Лед тронулся под вечер. Делал напрасную попытку зацепиться за берега, прикорнуть на песочке. Страждущая воли Вадыльга упрямо выламывалась из тяжелой решетки зимы. Артельцы гурьбой высыпали на берег. Завороженные захватывающим зрелищем, молча любовались недюжиной силой воды. Содеянная природой живая картина панорамно просверкивала в серой рамке набыченных берегов.
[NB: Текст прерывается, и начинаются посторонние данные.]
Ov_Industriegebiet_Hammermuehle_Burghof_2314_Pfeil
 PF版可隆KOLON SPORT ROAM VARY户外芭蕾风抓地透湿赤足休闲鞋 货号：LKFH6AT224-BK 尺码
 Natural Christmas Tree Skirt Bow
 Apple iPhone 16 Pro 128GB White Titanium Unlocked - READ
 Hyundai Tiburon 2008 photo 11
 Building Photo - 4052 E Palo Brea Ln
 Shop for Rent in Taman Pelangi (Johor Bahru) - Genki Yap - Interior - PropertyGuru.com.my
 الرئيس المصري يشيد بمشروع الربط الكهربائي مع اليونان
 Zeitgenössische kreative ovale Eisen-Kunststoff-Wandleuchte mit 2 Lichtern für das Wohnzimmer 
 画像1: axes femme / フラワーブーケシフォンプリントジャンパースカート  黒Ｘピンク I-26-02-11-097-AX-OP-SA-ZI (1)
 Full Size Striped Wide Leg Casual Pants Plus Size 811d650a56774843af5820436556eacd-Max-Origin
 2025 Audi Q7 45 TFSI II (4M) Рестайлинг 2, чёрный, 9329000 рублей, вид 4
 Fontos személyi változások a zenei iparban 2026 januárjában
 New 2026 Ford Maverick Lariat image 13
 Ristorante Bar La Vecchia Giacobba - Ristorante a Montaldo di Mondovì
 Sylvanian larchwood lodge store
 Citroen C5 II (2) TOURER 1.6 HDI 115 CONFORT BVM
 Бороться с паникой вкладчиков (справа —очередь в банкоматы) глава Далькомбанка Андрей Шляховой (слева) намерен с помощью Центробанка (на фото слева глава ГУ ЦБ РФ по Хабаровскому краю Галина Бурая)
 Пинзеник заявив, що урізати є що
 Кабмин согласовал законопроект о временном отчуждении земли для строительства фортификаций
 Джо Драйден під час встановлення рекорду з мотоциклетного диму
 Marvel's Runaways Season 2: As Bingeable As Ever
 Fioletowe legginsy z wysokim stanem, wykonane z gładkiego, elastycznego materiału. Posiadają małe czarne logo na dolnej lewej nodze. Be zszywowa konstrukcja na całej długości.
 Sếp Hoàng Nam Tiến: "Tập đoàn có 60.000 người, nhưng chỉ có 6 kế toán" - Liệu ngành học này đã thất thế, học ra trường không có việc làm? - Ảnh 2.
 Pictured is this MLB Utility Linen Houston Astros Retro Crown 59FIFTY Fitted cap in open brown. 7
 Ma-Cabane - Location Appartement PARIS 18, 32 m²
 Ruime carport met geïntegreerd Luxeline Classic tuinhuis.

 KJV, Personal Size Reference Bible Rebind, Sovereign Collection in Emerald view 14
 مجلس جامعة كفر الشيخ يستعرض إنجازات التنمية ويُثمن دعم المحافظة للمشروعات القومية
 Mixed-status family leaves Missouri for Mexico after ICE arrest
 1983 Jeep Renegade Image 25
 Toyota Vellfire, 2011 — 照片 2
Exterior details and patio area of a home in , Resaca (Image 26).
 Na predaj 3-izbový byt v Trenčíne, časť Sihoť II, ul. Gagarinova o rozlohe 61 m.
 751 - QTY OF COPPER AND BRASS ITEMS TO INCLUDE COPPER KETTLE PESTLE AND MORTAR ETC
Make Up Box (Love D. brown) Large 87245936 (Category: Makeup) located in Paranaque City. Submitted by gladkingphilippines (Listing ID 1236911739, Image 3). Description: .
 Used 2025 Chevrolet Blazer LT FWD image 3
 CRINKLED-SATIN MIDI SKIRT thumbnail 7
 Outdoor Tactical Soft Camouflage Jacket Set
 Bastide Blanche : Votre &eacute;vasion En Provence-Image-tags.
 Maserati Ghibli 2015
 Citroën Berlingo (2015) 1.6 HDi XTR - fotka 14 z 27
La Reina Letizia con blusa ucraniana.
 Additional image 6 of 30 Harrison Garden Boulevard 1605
Взволнованный Платоша переминался нетерпеливо на сыром песке: подошвы растоптанных чирков прилипали и чавкали. Близехонько проносились сверкающие глыбины, позванивая, издавая приятный шорох. В руках, протянутых к Вадыльге, старик держал расшитое полотенце: на нем лежал тонюсенький ломтик хлеба. Лед шел у берега плотным гуртом. Не находилось пока водной чистинки, чтобы бросить в нее артельный поминальный хлебец. Вот речная стрежь стала отторгать от загибистого обережья напирающие льдины. На одной из них старательная ворона выдалбливала что-то напористым клювом: разлетались сверкающими светлячками крошки.
На пенистой быстрине свивались гнезда воронок. Дед выследил островок незанятой воды. Ритуально поклонившись работающей реке, стряхнул с полотенца хлебное приношение. Старинным обрядом честно поминали всех утопленников, кого оборола в поединках Вадыльга, кто добровольно ушел на жительство в ее придонную глубину. Ржаную паечку немного пронесло вдоль песка, затянуло в воронку: вода охотно и благодарно приняла скромное поминальное приношение.